### Task description
Each line below must be reproduced exactly, though the pictures are to be dropped.

### Source material
================================

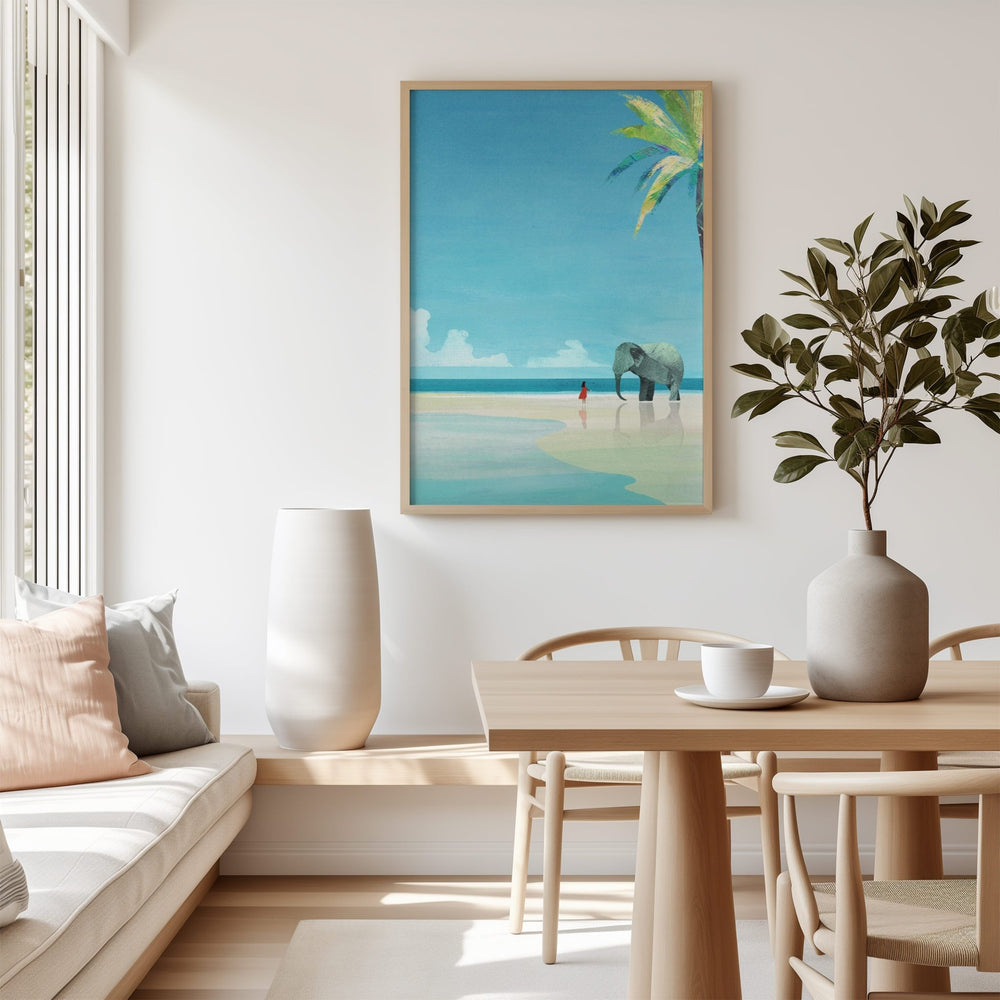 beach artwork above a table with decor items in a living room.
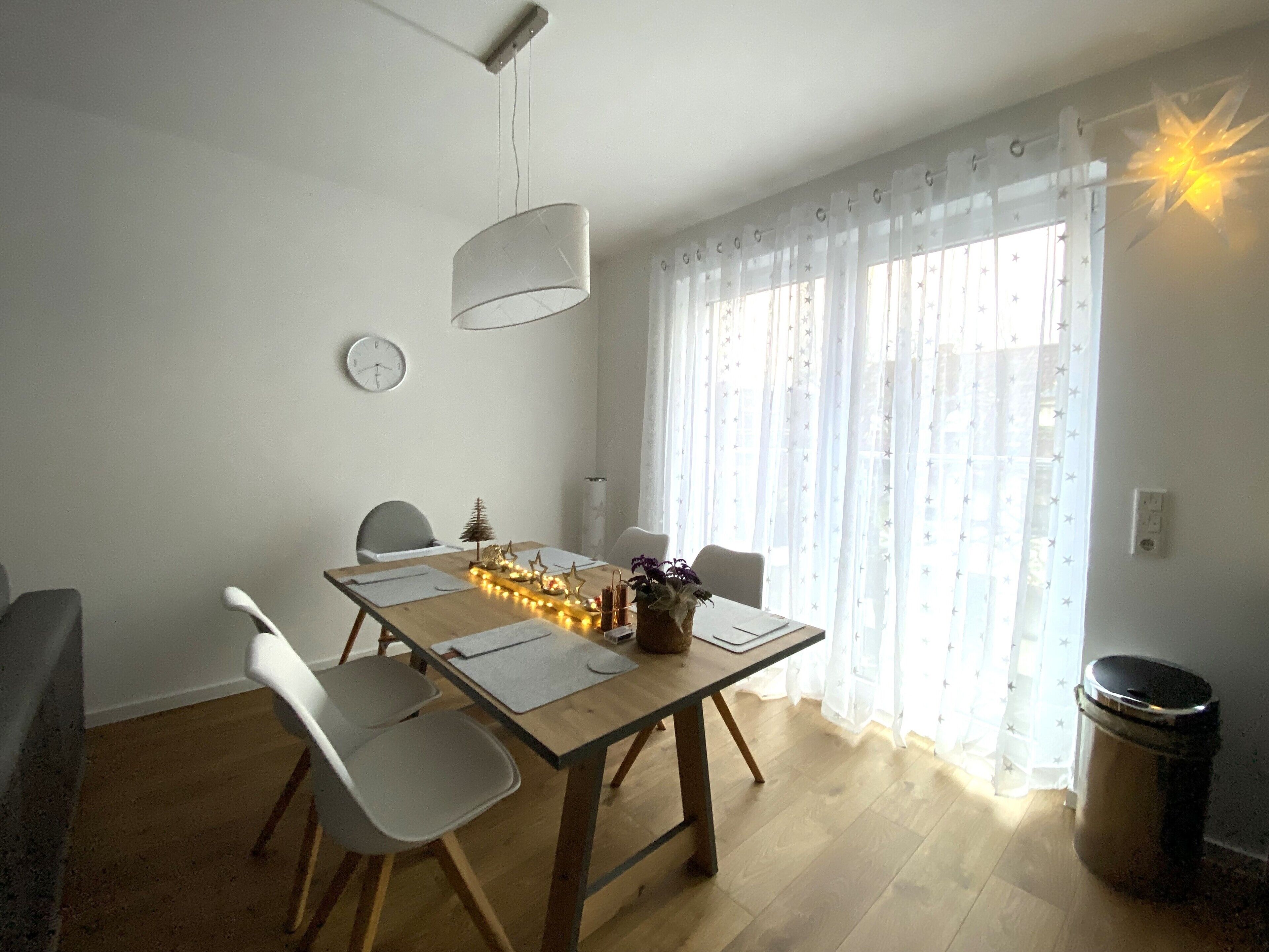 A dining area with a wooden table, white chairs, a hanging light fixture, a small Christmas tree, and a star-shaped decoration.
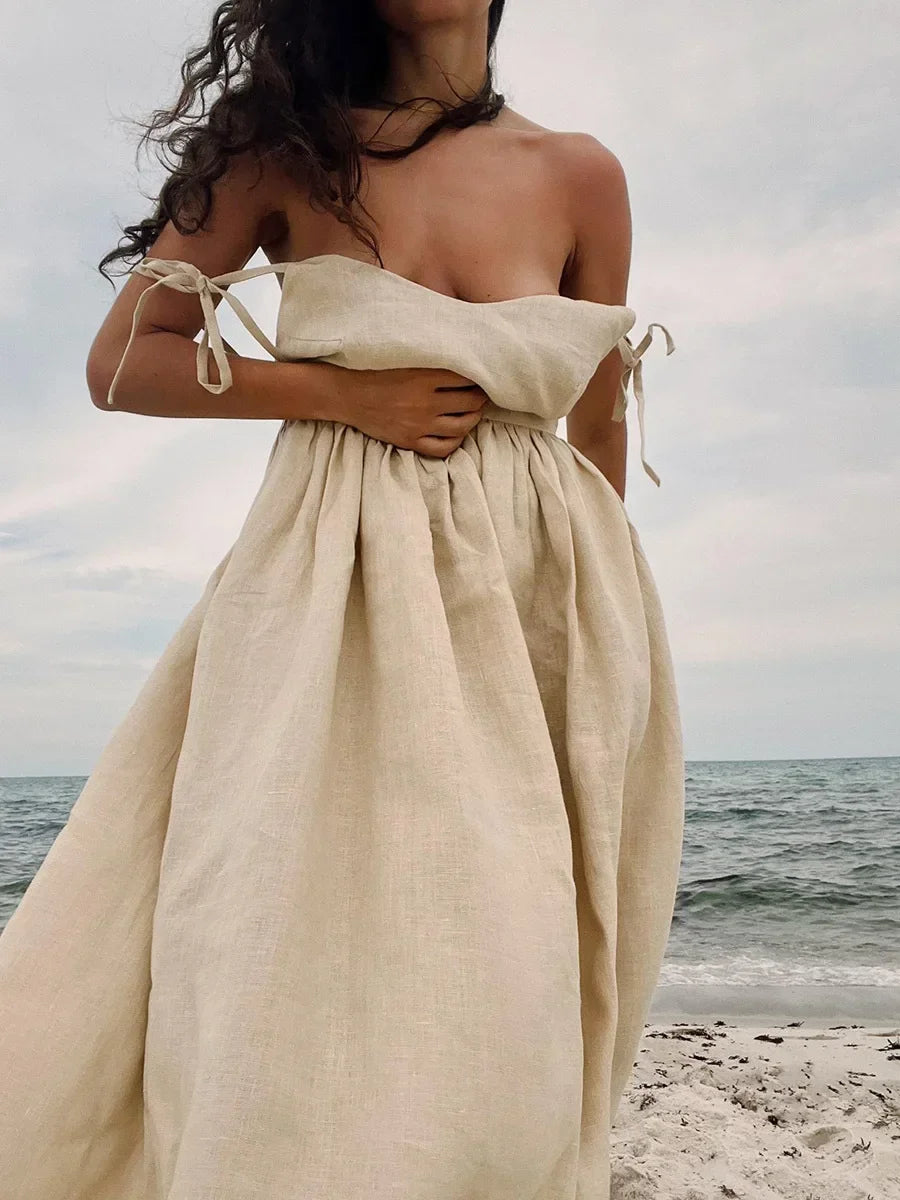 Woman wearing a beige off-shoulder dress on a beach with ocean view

================================

### Expected answer
 beach artwork above a table with decor items in a living room.
 A dining area with a wooden table, white chairs, a hanging light fixture, a small Christmas tree, and a star-shaped decoration.
 Woman wearing a beige off-shoulder dress on a beach with ocean view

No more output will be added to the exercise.